The Cost of Awakening

Those who recognize the necessity of pursuing spiritual practices such as presence and mindfulness, throughout the day, every day, and who make a serious effort at it, realize how difficult it is to achieve even a small degree of awakening from the continuing thrall of associative thoughts, emotional reactions, and sensory seductions. In the face of this, we all too readily give up or lapse into half-hearted efforts. We think that we cannot awaken. We believe that the ordinary demands of living preclude and overwhelm our chances to be relatively awake, in the spiritual sense, for a substantial portion of our typical day.
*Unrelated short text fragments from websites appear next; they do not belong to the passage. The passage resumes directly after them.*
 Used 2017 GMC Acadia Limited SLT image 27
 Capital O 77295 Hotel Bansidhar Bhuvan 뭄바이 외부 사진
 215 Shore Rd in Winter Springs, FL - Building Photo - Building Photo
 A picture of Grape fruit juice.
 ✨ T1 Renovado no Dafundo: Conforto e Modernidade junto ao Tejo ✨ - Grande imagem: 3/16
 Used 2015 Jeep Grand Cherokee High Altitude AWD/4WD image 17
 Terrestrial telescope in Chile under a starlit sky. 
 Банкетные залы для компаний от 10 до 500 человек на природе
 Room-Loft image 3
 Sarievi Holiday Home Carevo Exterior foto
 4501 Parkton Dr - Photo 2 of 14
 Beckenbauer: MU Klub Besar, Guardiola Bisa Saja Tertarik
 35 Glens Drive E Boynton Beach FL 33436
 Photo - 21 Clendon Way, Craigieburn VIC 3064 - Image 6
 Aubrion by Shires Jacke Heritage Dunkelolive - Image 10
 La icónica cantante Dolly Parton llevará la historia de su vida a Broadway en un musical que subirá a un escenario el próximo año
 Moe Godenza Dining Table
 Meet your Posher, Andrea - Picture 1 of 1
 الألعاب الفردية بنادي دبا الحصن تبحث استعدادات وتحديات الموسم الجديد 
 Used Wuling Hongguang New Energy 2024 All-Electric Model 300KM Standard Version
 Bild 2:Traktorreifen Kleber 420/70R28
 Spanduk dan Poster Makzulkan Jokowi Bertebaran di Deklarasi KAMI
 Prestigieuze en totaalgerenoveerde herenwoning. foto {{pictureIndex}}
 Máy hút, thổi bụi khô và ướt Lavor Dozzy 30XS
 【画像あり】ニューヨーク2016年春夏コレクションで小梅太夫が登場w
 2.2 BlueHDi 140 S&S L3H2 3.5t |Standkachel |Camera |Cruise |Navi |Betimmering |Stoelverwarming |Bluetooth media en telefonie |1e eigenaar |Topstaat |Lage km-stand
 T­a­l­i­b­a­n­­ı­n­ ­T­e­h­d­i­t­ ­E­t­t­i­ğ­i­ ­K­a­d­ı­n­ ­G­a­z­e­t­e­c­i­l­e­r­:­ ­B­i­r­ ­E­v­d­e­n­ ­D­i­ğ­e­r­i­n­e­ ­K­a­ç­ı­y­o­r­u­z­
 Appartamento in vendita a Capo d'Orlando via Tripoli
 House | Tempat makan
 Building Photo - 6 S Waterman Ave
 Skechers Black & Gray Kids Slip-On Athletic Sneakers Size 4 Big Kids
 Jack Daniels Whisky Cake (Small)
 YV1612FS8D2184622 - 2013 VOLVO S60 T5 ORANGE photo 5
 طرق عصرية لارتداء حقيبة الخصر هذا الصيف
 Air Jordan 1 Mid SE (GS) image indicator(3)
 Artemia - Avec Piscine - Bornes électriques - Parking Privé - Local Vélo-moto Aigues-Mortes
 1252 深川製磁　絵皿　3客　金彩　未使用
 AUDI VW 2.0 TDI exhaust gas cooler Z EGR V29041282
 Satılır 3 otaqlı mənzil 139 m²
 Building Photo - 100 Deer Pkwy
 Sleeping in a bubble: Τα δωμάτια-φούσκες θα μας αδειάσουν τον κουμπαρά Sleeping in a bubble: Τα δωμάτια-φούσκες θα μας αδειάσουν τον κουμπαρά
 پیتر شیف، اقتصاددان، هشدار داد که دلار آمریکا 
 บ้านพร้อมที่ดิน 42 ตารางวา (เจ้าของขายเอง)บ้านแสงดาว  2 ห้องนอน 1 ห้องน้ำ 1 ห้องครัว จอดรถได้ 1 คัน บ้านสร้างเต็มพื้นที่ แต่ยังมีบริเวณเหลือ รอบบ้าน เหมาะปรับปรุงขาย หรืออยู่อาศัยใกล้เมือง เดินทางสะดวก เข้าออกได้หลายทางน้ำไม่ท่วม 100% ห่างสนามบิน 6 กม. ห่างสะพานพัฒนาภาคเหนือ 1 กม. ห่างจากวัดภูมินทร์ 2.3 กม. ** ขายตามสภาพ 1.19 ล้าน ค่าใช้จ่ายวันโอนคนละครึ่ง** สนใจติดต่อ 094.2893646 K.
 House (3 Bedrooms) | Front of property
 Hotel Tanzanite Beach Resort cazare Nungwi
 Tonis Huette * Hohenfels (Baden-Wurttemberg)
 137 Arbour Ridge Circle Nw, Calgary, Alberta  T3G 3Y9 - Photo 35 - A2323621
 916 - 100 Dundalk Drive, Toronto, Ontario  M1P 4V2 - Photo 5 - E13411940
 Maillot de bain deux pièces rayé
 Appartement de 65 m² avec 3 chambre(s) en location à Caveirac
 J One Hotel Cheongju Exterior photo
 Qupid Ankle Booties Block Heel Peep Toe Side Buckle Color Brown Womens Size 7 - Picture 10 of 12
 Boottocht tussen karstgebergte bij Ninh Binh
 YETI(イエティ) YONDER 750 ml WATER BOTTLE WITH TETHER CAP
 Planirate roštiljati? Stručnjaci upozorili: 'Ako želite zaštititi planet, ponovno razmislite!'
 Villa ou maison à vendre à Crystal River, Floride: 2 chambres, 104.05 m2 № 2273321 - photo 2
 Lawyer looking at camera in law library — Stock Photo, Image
Yet this is our life, each precious day of it. Are we condemned to live lost in our inner fog of automatically flowing thoughts and reactions? It would seem to be so.

But if we look again we may see our assumptions and beliefs that this automated, half-lived life is the best we can hope for. It is not. We can live fully present to this moment, and this moment, and this moment. Only we must be willing to pay the price. Unlike the air we breathe, awakening is not free.

Some spiritual teachers say we are all already awake: we only need to realize it. But if you look honestly at your own experience, you cannot escape the fact that such teachings mislead, that you live on the automatic level, hardly in contact with the real world, rarely in substantial presence. We all do have another level within us, a depth in which we could live consciously. However, the intervening layers of fog rarely part, and then only briefly.

But we can cut through and awaken, if we truly decide to do so. It is really that simple and that hard. Given some knowledge of how to work at presence, all it takes is a real and constantly renewed decision to practice. That is the price of awakening. We give up all our notions that we cannot be present, that there are too many distractions and demands, that we have too little energy. We give up our attachment to the flow of associative thoughts and emotional reactions that we falsely take to be who we are. We give up the comforts of being half-alive, not responsible to anything greater than ourselves or perhaps our families. We pay the price by letting go of all the inner baggage that keeps us asleep. And we decide to awaken, to stay in contact with the present, to abide in conscious presence, in every situation.

Do you really want to awaken? If so, what's stopping you? Your inner world is your domain. You can awaken, if you genuinely decide to do so.